28

Es una habitación perfecta, una de las mejores de la lista, y espero que estés tan encantada como yo —comentó Anna.

En el borde de la mesa yacía una pila de octavillas en precario equilibrio, anuncio del inminente Picnic y Concierto Estival de Hijas y Hermanas, un acontecimiento organizado en parte para recaudar fondos, en parte para estrechar lazos con la comunidad y en parte como celebración. Anna cogió uno, le dio la vuelta e hizo un boceto del piso.

—Aquí está la cocina, una cama plegable aquí, y esto es el cuarto de estar. Aquí tienes el baño. Apenas hay sitio para moverse, y para sentarte en el retrete prácticamente tienes que meter los pies en la ducha, pero es tuyo.

—Sí —murmuró Rosie—. Mío.

De repente se apoderó de ella una sensación que no había experimentado desde hacía semanas, la sensación de que todo aquello era un sueño maravilloso y en cualquier momento volvería a despertar junto a Norman.

—La vista es fantástica… Hombre, no es Lake Drive, pero el parque Bryant es muy bonito, sobre todo en verano. Primer piso. El barrio atravesó una mala época en los ochenta, pero ahora se está recuperando.

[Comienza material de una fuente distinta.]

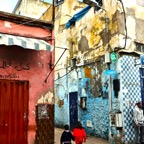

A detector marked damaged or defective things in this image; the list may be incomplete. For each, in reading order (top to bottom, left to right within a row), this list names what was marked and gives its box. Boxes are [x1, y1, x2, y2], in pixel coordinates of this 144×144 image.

rusted metal [0, 79, 29, 143]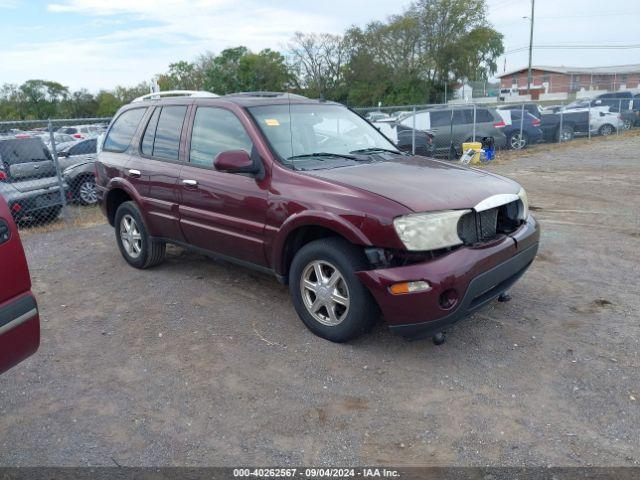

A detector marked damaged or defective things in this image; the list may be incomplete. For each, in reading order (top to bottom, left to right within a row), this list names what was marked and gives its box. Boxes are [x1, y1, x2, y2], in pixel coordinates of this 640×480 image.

cracked headlight lens [392, 210, 472, 251]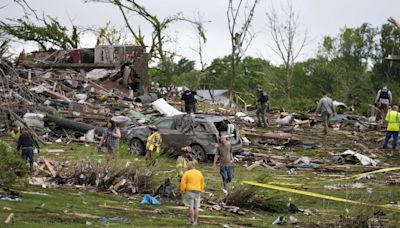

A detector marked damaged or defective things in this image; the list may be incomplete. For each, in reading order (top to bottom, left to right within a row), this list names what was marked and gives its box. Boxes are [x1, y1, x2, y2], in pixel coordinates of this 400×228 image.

damaged vehicle [126, 115, 242, 161]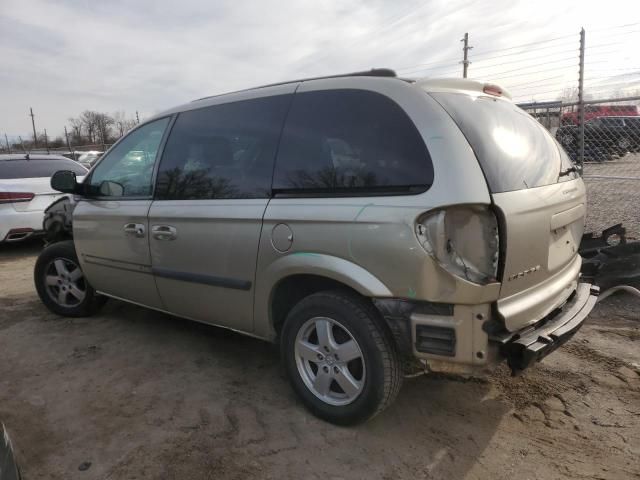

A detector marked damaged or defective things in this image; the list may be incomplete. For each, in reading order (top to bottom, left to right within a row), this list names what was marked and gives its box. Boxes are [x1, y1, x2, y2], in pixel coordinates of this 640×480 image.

—Lo dices como si hubieras vivido allí —comentó Rosie.

Anna se encogió de hombros en un gesto grácil y agradable, y a continuación dibujó el pasillo y la escalera de la finca. Dibujaba con la concisión escueta de una profesional.

—He estado allí bastantes veces —explicó sin levantar la vista—, pero por supuesto no es eso a lo que te referías, ¿verdad?

—No.

—Una parte de mí se va con cada mujer que sale de aquí. Me imagino que suena cursi, pero, no me importa. Es cierto, y eso es lo único que importa. Así que, ¿qué te parece?

Rosie la abrazó movida por un impulso, pero se arrepintió en cuanto percibió que Anna se ponía rígida. No debería haberlo hecho, pensó al soltarla. Lo sabía. Y era cierto. Anna Stevenson era amable, de eso no le cabía la menor duda, tal vez incluso bondadosa como una santa, pero tenía aquella extraña arrogancia y esto: a Anna no le gustaba que la gente se metiera en su espacio vital. Sobre todo, a Anna no le gustaba que la tocaran.

—Lo siento —se disculpó al tiempo que retrocedía.

—No seas tonta —repuso Anna con brusquedad—. Bueno, ¿qué te parece?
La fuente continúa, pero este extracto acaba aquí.